Future Majority, a blog that reports on youth voting, put together a set of tips for reporting on "the youth vote."
Tip #1 is my favorite:
The youth vote is not synonymous with students. In fact, students make up only a small part of the eligible youth vote. Only 21% of all 18-29 year olds are currently attending a college or university. That means that when you report on "students", you are leaving out the other 79% of all the individuals that make up the "youth vote." These people serve in our military, are struggling to raise families - and yes, have very different concerns from college students. I understand that makes it difficult for you to cram them into a cookie-cutter story about student aid activism and tuition costs, but you do them and your readers and our democracy a disservice when you limit your coverage to students.
Mike Connery, one of the site's bloggers, put together the tips after the CNN debate in which a college student was forced by producers to ask Hilary Clinton whether she preferred diamonds or pearls, instead of the original question about the Yucca Mountain nuclear situation.

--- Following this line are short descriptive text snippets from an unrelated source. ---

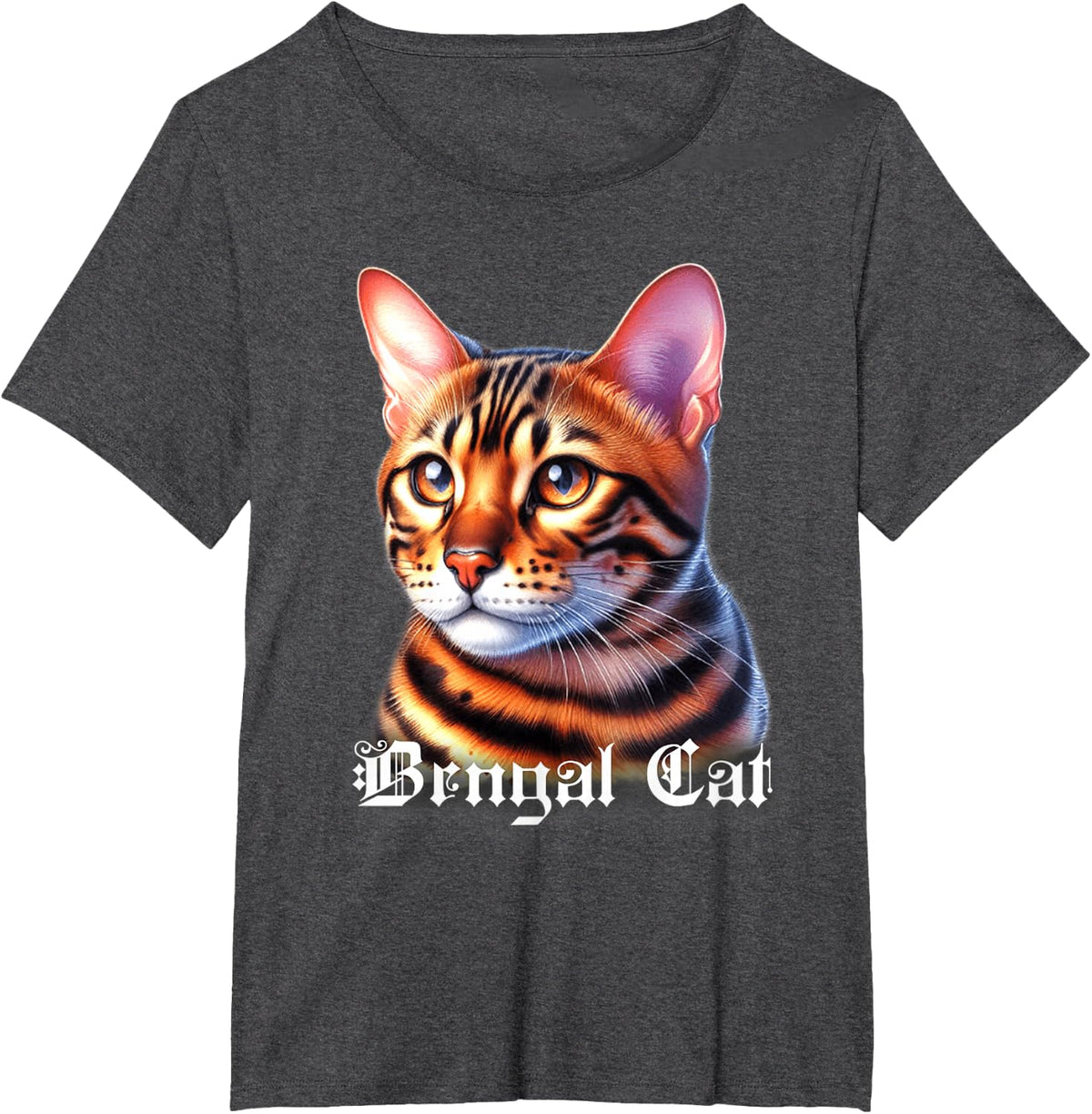 Bengal Cat Portrait x Cute Cat T-Shirt - Dark Heather Grey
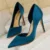Shoes Sexy Woman Pumps Black Blue Sliver Women Heels Silk High Heels Women Shoes Stiletto Heels 9.5 Cm Ladies Shoes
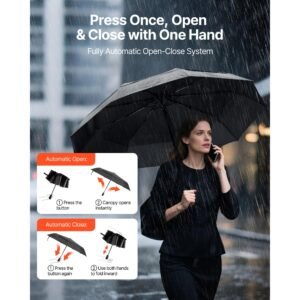 travel umbrella, 42 in portable compact umbrellas, automatic open close umbrella, lightweight & durable with flexible fiberglass ribs, windproof, rainproof, and sun blocking canopy (black)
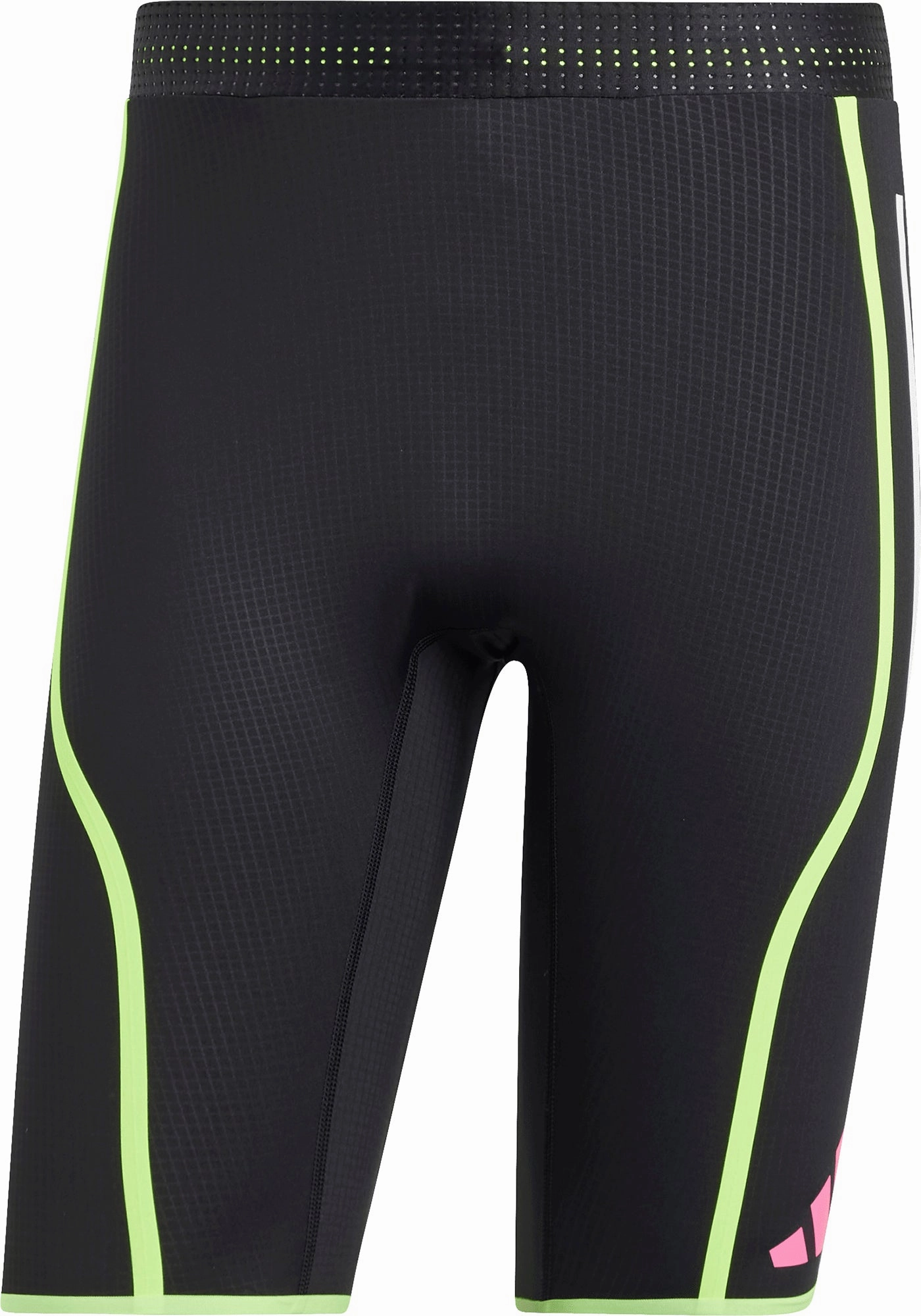 Finished Metallic-look adidas Adizero Promo Mens Short Running Tights - Black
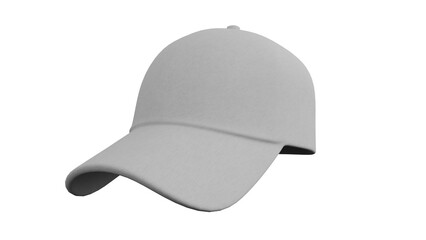 3D Render a white baseball cap on a white background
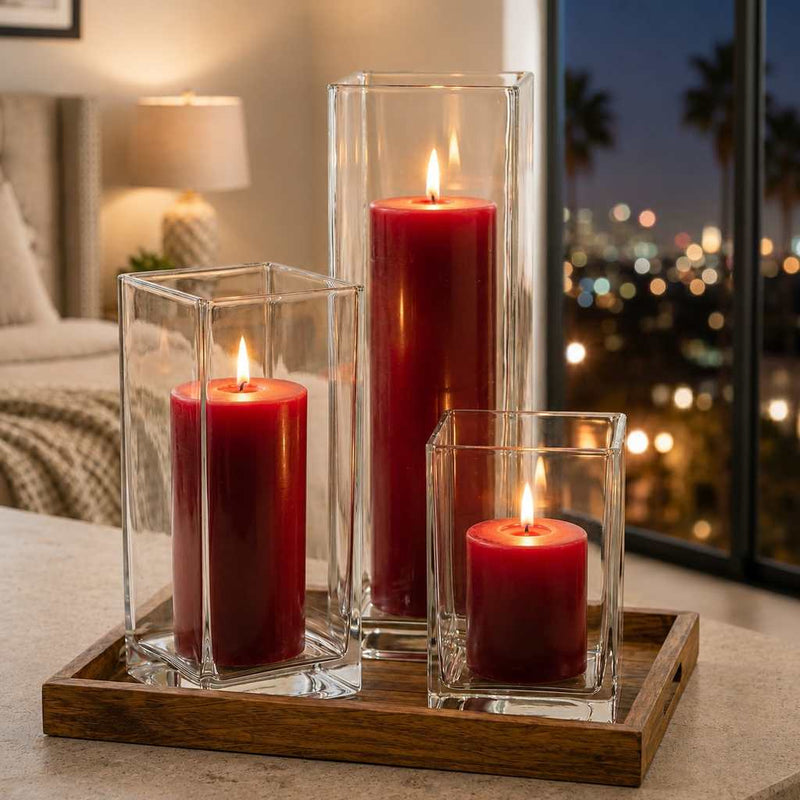 Richland Pillar Candle 3" & Eastland Square Holder 6" Set of 12 - Red - thumbnail number 6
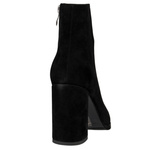 Zamszowe botki na obcasie damskie Venezia V426-00669-02BLA czarne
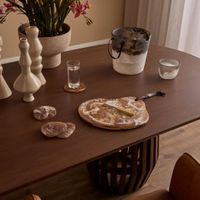 Bow Dining Table Dark Walnut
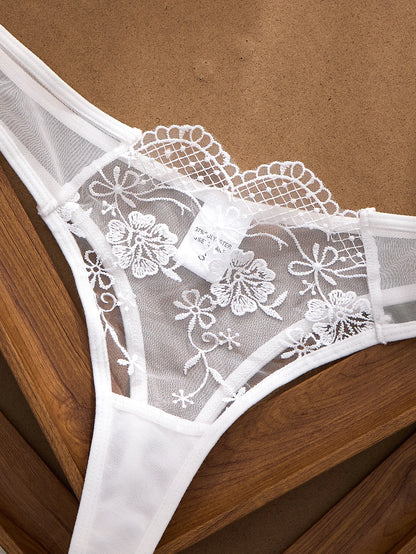 Women's Sheer Floral Embroidered Lingerie Set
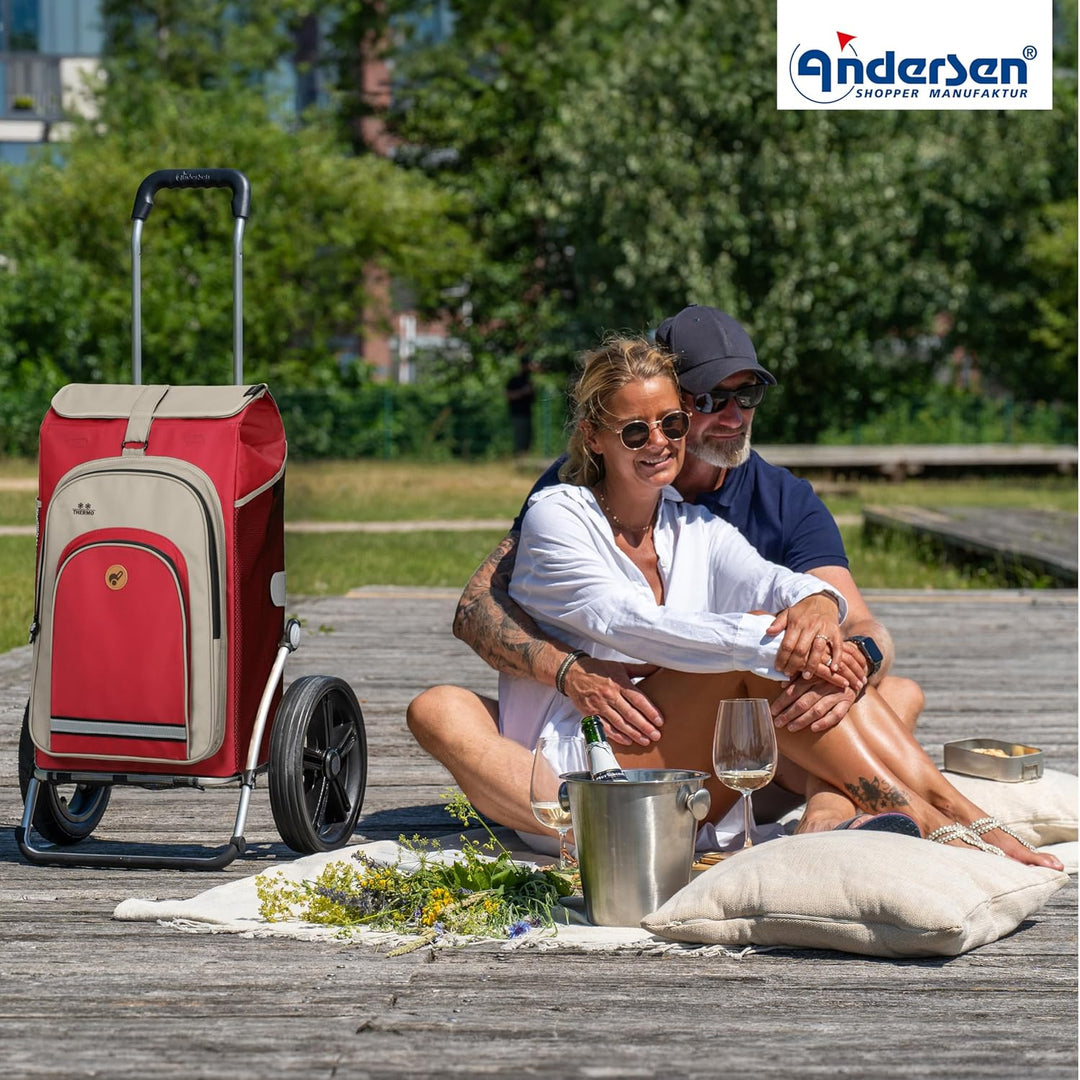 ANDERSEN Einkaufstrolley - Royal Shopper Hydro 2.1 rot 62 L Bike, Einkaufsroller, Rucksack, Thermo,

The woman later lambasted CNN for forcing such a fluff question. This whole mini-drama falls in line with a topic of conversation that comes up frequently at Likemind: that "youth" are more mobile, more connected and more able to voice their opinions than any generation before them. This is the only world they know, and are aghast when that right is stepped on--as in the instance of diamonds v pearls. Yes, there's a twinge of self-righteousness that every sprouting adult experiences, but this generation is more able to retaliate when they've been wronged. Are they taking full advantage? Depends on the metrics we're using to judge. If we go back to voting, 49% of 18-29 year olds voted in the last election, a higher percentage than 65+. So watch out, youth have a big stick.